SUPPLIED DATA:
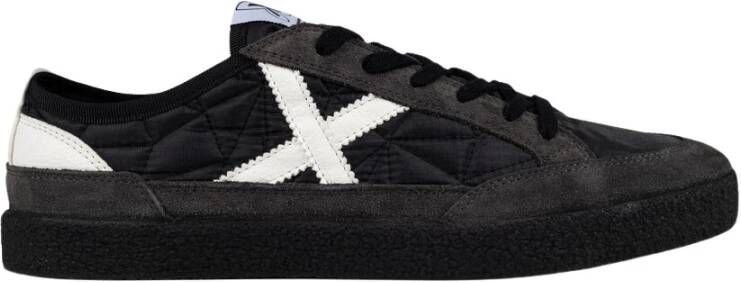 Munich Unieke Venecia Zwarte Sneakers Black Dames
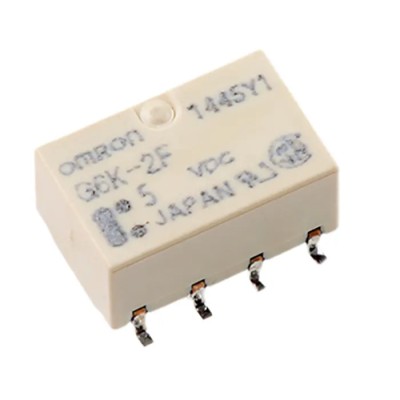 Omron Surface Signal Relay 5V DC Coil 1A DPDT Low Profile SMT G6K-2F 5DC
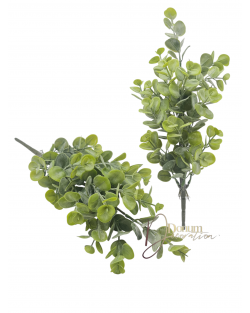 Prémium eukaliptuszcsokor / Zúzmarás 41cm. 5 főszál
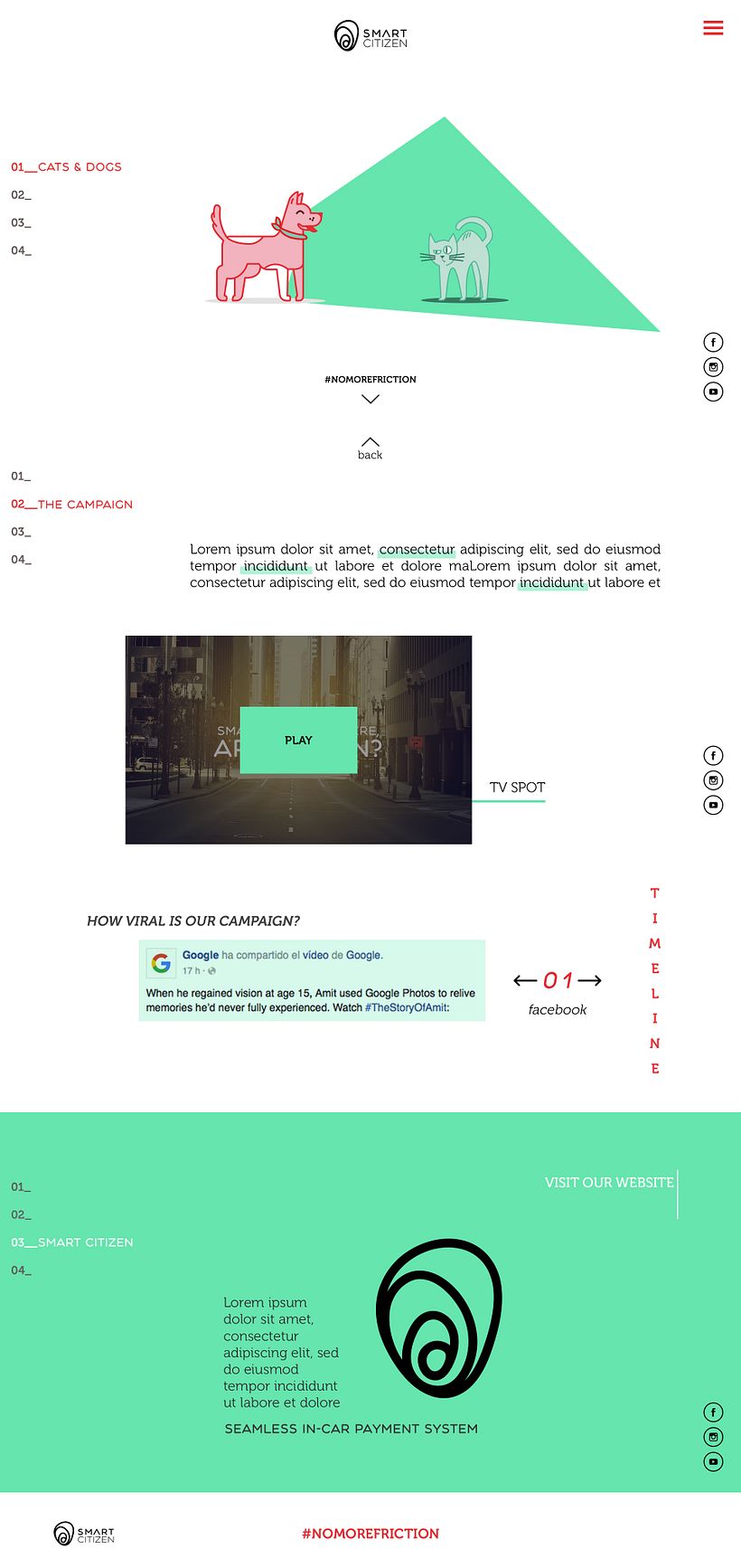 Landing Page Smart Citizen 3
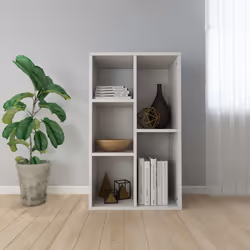 Dotée d'un design élégant et classique, cette bibliothèque ajoutera une touche décorative et pratique à votre décoration. Le  ...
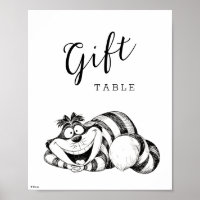 Alice in Wonderland - Cheshire Cat Baby Shower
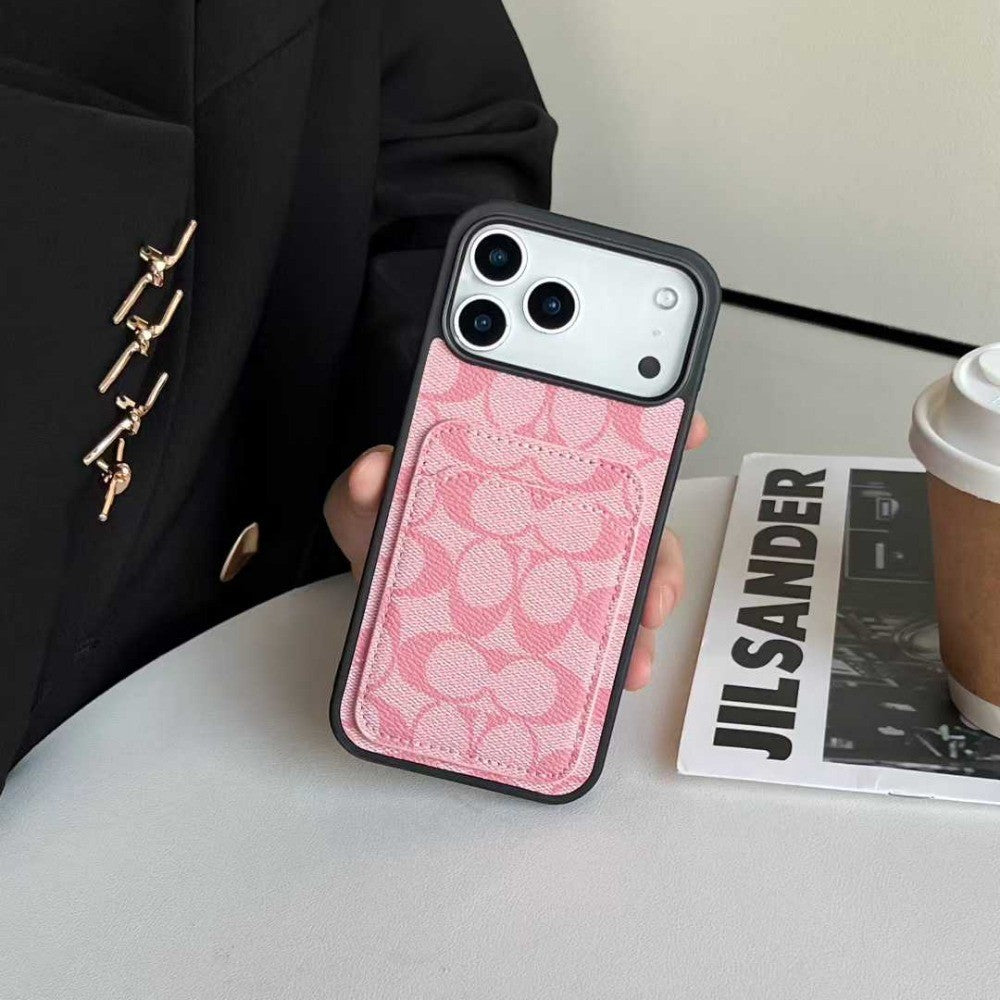 Signature Card Holder Protective iPhone Case by Easy-Cases - product image 12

PROBLEM REQUIREMENTS:
With the pictures left out, copy exactly the lines from the one containing "Prémium eukaliptuszcsokor /" through the last line of the data.

TASK SOLUTION:
 Prémium eukaliptuszcsokor / Zúzmarás 41cm. 5 főszál
 Landing Page Smart Citizen 3
 Dotée d'un design élégant et classique, cette bibliothèque ajoutera une touche décorative et pratique à votre décoration. Le  ...
 Alice in Wonderland - Cheshire Cat Baby Shower
 Signature Card Holder Protective iPhone Case by Easy-Cases - product image 12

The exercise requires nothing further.